Немногословный и сдержанный, Беляев был образцом самодисциплины и никогда не терял контроля над собой. Даже тогда, когда молодая девушка-рентгенолог уронила тяжелую головку рентгенаппарата на его ногу, которую Беляев сломал после неудачного приземления с парашютом, Павел только попросил:
— Нельзя ли поаккуратнее?
Беляев хорошо разбирался в людях, ему не нужно было «есть пуд соли», как говорят, чтобы определить способности и возможности человека. Он очень любил своих дочерей, своих «кулем». Этим домашним словечком, меняя интонацию, он выражал и высшую меру похвалы, и свое крайнее неудовольствие.
Во время полета Павел проявил большое хладнокровие и умение. Когда, полностью выполнив задание, они должны были пойти на посадку, вдруг обнаружилось, что автоматическая система спуска отказала. Им с Алексеем пришлось уйти на «второй круг», то есть выполнить еще один виток. И уже с этого витка Беляев приземлил корабль вручную в пермских лесах.
У Павла побаливал желудок, и он знал, что каждая встреча с «медициной» может привести к тому, что его не допустят к следующему полету. Поэтому медицинских осмотров старался избегать, хотя последнее время чувствовал себя неважно.
17 декабря 1969 года ребята собрались на охоту. Павел вдруг решился:
— Съезжу-ка я с вами. Посмотрю, что вы в этом находите хорошего?
Кто мог предположить, что это был последний его выезд куда-либо. 25 декабря он почувствовал себя совсем плохо. Его положили в госпиталь. Потянулись тревожные дни, дни тяжелой борьбы лучших специалистов страны за жизнь Павла Беляева. Ему сделали две операции, но было уже поздно.
10 января утром нас вызвали в кабинет Леонова. Алексей стоял у окна и отрешенно смотрел на серое, хмурое небо. Когда все собрались, Леонов подошел к столу. По его левой щеке катилась слеза. Он не скрывал ее или не замечал.
— Друзья! Сегодня в ноль часов тридцать минут умер Павел Беляев… Нет больше Паши… — глухо сообщил он нам трагическую весть и опять отвернулся к окну.
Мы долго сидели молча, погрузившись в грустные мысли, затем разом встали и пошли к Татьяне Беляевой. Что нам ей сказать? Как ей помочь перенести это страшное горе?
В полетах на кораблях типа «Восток» и «Восход» была выполнена широкая программа научных исследований и технических экспериментов.
В эти годы судьба свела меня с Борисом Волыновым.
Борис — сибиряк. И как все сибиряки, обладает огромной физической силой, да и фигура у него атлетическая. Обычно эти качества делают человека покладистым и спокойным.
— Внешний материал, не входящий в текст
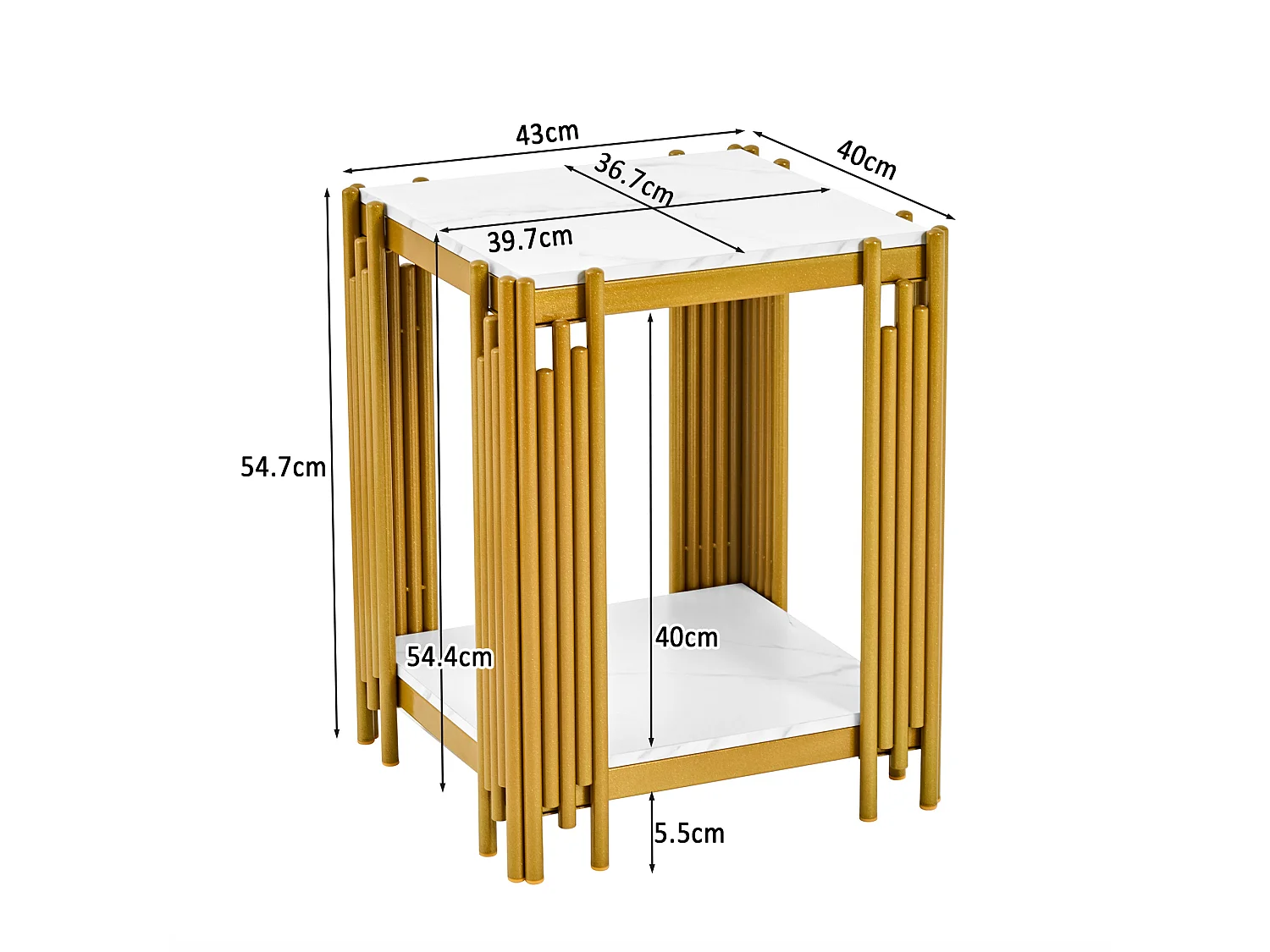 Salontafel met twee niveaus, 54,7 x 43 x 40 cm, wit en goud, marmerlook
У Бориса же возмущение или недовольство накапливаются до определенного предела, потом он «взрывается».
Волынов очень осторожен в выборе друзей и щепетилен во всех вопросах, касающихся его подготовки к полетам. И, нужно отдать ему должное, готовился он к ним весьма вдумчиво и основательно.
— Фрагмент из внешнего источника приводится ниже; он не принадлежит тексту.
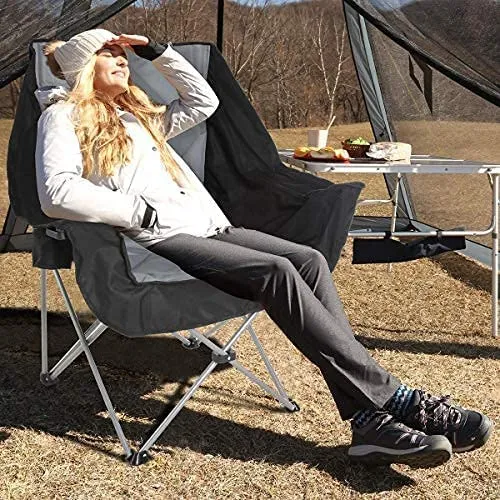 KingCamp Folding Sofa Chair | Padded Camping Chair with Cooler Armrest, Cup Holder, 300lb Capacity Portable Outdoor Couch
Мы с Борисом, который к этому времени продублировал Николаева, Быковского, Комарова и приобрел репутацию «вечного дублера», не были новичками в работе и прекрасно понимали, где главное, а где второстепенное. И буквально вышагивали каждый виток на карте, до секунд отрабатывая все основные элементы полетного задания, готовясь к старту в космос.